Thanks you guys. I'll start to work on that soon. I'll have to do the audio before Monday, because I have to send my computer back to dell for repairs to damage I didn't cause.
@ea_accessible, let me make sure I understand...
During a running play for the offense, it is important that the player know:
* Which is the optimum direction to run -- indicated by an arrow that works like a compass.
* Where nearby defenders are--the direction the defender is in relative to the player.
* How close defenders are--the range the defender is from the player.
So if I were only using sound. I might use a tone to indicate which direction to run--with the idea that the player wants to keep that tone in front of them and centered as much as possible. There might be a couple ways to do that. One might be a floating tone that moves relative to the player. The other might be to use just a few tones to indicate if the player is on course or if they need to turn left or right to be on course.
I probably should explain the second option. If the runner is faced in the correct direction, they would hear a sound telling them they are on track or possibly they would hear no sound. If they are off track, they would hear different sounds or tones. For example, if it would be faster for the runner to turn left to get back on course, they would hear a tone/sound from the left or a tone/sound that indicates they should turn to the left. It might also be possible to indicate how far off the track they are by varying the volume or pitch of the tone/sound. The louder/higher the further they need to turn in that direction to be on track. The lower/softer the pitch/tone, the closer they are to being on track.
To indicate the direction and range of defenders, you might be able to do something similar. This is just an example. Each defender will emit a breathing or footstep sound. The player knows where the defender is by the direction of the sound and knows how close the defender is by the loudness of the sound. I suppose you could also use vibration to indicate the range of the nearest defender--kind of like feeling the vibrations of footsteps.

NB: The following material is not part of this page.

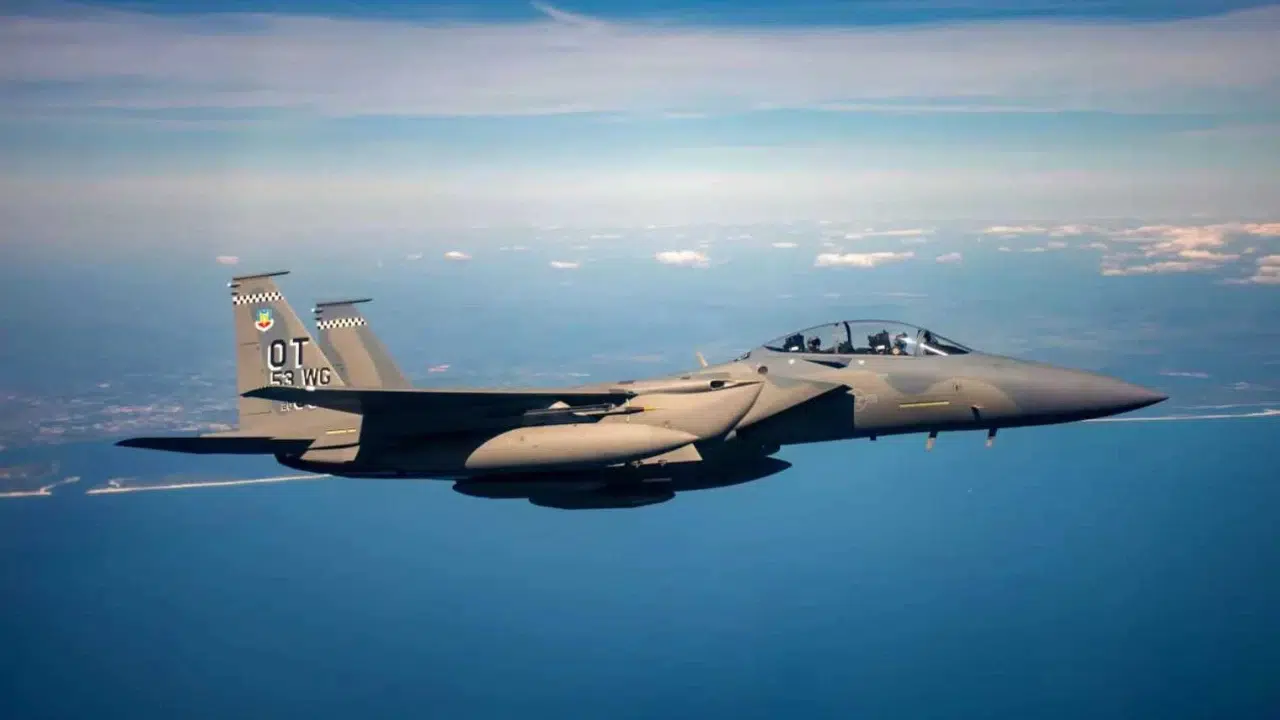 İran’dan yeni iddia: Hürmüz yakınlarında savaş uçağı düşürüldü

Just in case you are unaware, I feel I also should mention that we do have a few people on these forums who specifically design games for the blind and they might also be able to provide ideas. For instance, @aprone is one who's work I am most familiar with. His FPS Swamp is fairly popular and I expect he dealt with some of these types of issues in designing his game. I also think he has tried at least to incorporate vibration and possibly other feedback in his games. He is not the only one--just the one I am most familiar with.
Is there any articles that explain what capability controllers have for vibration? I am assuming they allow you to vary the types of vibration, strength, and duration. I am not sure what else they allow you to do. I will admit that I am most familiar with the use of vibration as a feedback mechanism for ultrasound devices that give someone who is blind an idea how far and object is that is in front of them.
Hey guys, my main job is taking over right now. I'll be silent for a few days, but will be back asap. Just letting you know I'll definitely be back soon, so keep the discussion going :-)
Enjoy your job and no need to stress to keep up with this topic. I'm so glad and thankful that you're spending your free time on this...
If you like the post, then please give it a thumps up.
Feel free to contact me privately if you have something in mind. If you do so, then please send me a mail instead of using the private message on the forum, since I don't check those very often.
@ea_accessible, I was talking to a accessibility colleague today about this forum thread. He has evidently been playing Madden from the early days. He has a mobility impairment, not a visual impairment--but we had a good discussion about the challenge you are taking on. We ended up talking about potential ways to solve particular problems as well as thoughts on how to tackle Madden as a whole--in our work, we frequently end up having to figure out an approach to making a complex application accessible while working with a project team that may not know a lot about accessibility yet. If you want, I would be glad to try to spend a few days trying to write down the things we covered and that he mentioned either as solutions or potential problems that might need to be solved. Also, if at some point you would think it would be useful to have a conversation, we would both be willing to try to offer whatever advice or assistance you might think you need. Honestly, we are typically glad to offer help to anyone who wants to make the world a bit more accessible.
Dropping in quickly - any and all info is always welcome. I'm interested in identifying what works and needs to be kept, what causes problems, and possible solutions. All types of accessibility are important.